Dallas needs to do something.  Rotation shake-ups and motivational speeches have gone just about as far as they can go.  The team has some appealing assets and they have plenty of needs.  There are really two questions though.  First, can the Mavs even get the “right deal” done?  And second, does the “right deal” do enough to get the Mavs out of the first round of the playoffs?  The fan in me says yes, but the realist in me says no.  To say it’s an uphill battle is underselling it.

But that doesn’t mean we can’t have fun with it, right?  So without further ado, a breakdown of each of Sefko’s proposed trades:

Jerry Stackhouse and Erick Dampier to Sacramento for Brad Miller and Kenny Thomas.

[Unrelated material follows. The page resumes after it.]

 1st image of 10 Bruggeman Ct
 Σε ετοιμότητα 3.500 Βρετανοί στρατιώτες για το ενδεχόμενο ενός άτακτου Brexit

Why it works: The trade turns Stack’s contract into a player that’s immediately useful in Brad Miller, and Dallas doesn’t sacrifice 2010 cap flexibility.  Miller finally gives Mavs fans the scoring from the center position that they’ve always pined for, and he’s a much better passer than Dampier.  When Miller is focused, his ability to facilitate the offense can really open things up for the fringe contributors on the team.  Kenny Thomas also gives the Mavs another look at the second string power forward (or third string, whatever), and he’s not as bad as you probably think he is.  The Kings aren’t playing him, but Thomas hasn’t been all that bad in his few appearances for Sacramento this season, and could be able to contribute to a playoff team.

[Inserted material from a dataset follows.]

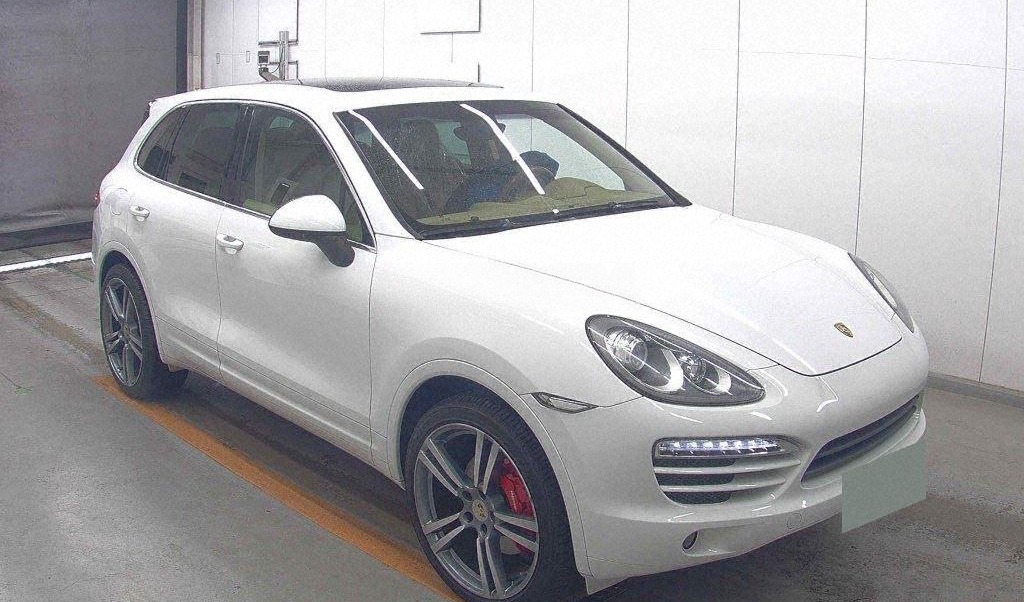 2013 PORSCHE CAYENNE 4WD BASE GRADE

Why it doesn’t: Brad Miller just so happens to occupy the same offensive space as Dirk, meaning that someone is going to be out of their comfort zone on almost every play.  Miller also happens to be an inferior post defender, shot-blocker, and rebounder to Dampier.  Granted that Miller is in fact a more gifted scorer than Damp, he also relies on a higher usage rate that could require taking touches away from Dirk, Josh, and JET in order to accomodate Miller’s usual production.  Is that worth it?  Probably not.  You might be able to argue that this trade slightly favors Dallas, but even so it would be a marginal upgrade at best.

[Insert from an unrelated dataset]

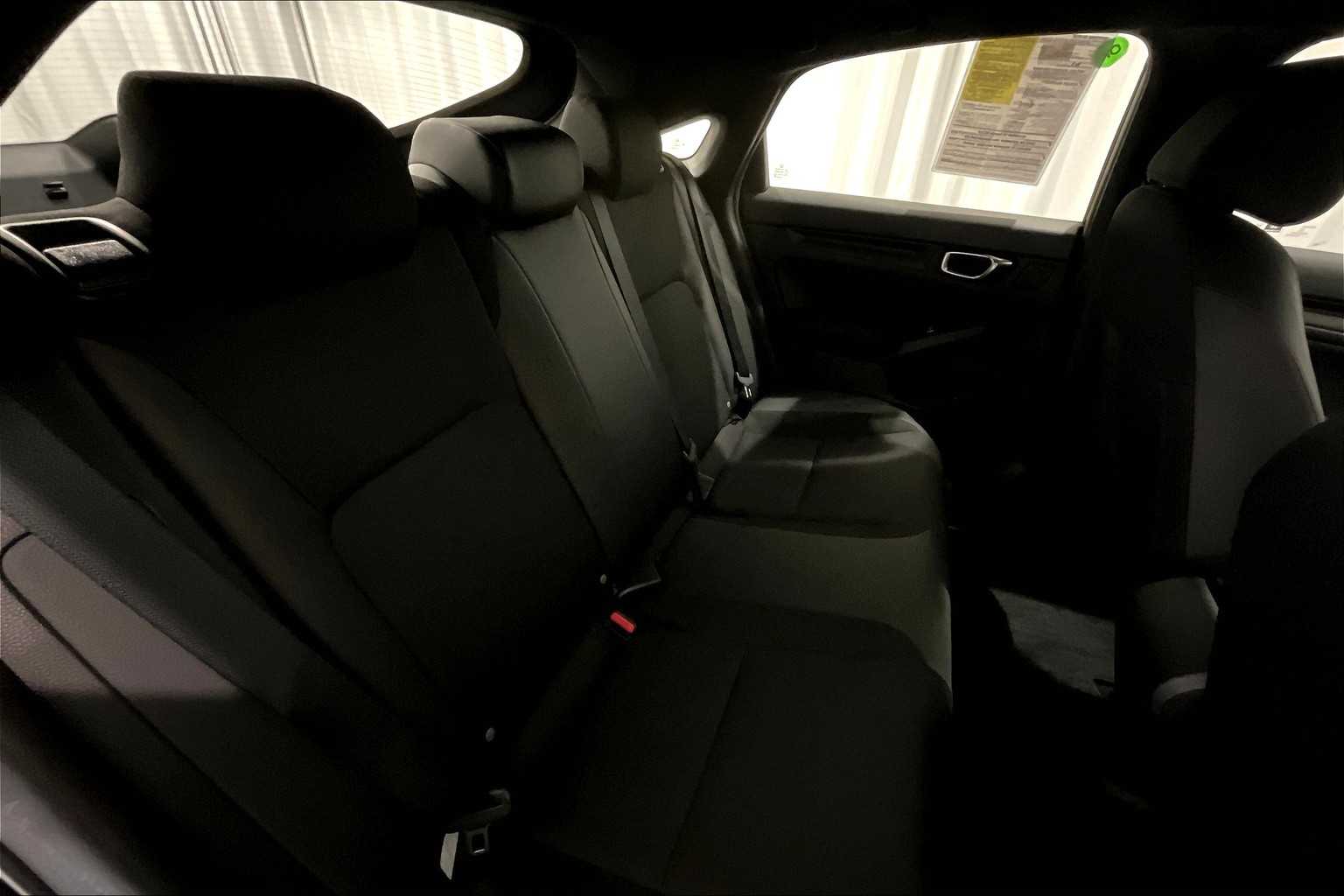 2025 Honda Civic Hatchback Sport - Photo 16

Jerry Stackhouse and Brandon Bass to Golden State for Stephen Jackson.

Why it works: This one is definitely the most interesting to me.  The 2 guard has been a problem all season, and Antoine Wright/Gerald Green/Dwane Casey’s kid probably aren’t the answer.  Wright’s passable some nights and unspectacularly awful others, and Green ranges from smile-worthy offensive explosion to migraine-inducing “rookie mistake” factory.  Jax would give the Mavs a great defender, a vocal leader, and a player who can drive, shoot, and set up his teammates.  Plus, this trade would give Dallas a quality wing player without giving up Josh Howard.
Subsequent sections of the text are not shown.